Two Sides to Every Coin

High blood pressure treatments should not necessarily include diuretics for obese patients

(RxWiki News) One study found evidence to support the use of diuretics in treating high blood pressure in obese patients. But this doesn’t mean that methodology works across the board.

A recent study tested two drug combinations on normal, overweight and obese patients with high blood pressure. The study found that taking a diuretic with their ACE inhibitor showed fewer heart attack and strokes in the obese group.

Yet, an outside doctor critiqued this study saying only in cases of left-ventricular dysfunction should a diuretic be used to treat high blood pressure.

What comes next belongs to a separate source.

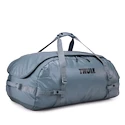 Sporttasche Thule Chasm Duffel 90L - Pond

"Talk to a doctor about your blood pressure treatment."

Michael Weber, MD, professor of medicine at Downstate Medical Center at State University of New York (SUNY), was the lead researcher of the investigation. For the study, 11,482 participants in need of blood pressure medication were evaluated and split into three groups based on weight: normal (1,616), overweight (4,157) and obese (5,709).

In each weight category patients were either given benazepril, which is an ACE inhibitor, and a diuretic called hydrochlorothiazide, or benazepril and amlodipine, which works as a calcium channel blocker.

Results were based on adverse heart-related events in patients: cardiovascular death, non-fatal heart attack or stroke.

Researchers found 68 percent more of the above-mentioned results in normal weight patients taking benazepril and hydrochlorothiazide compared to obese patients.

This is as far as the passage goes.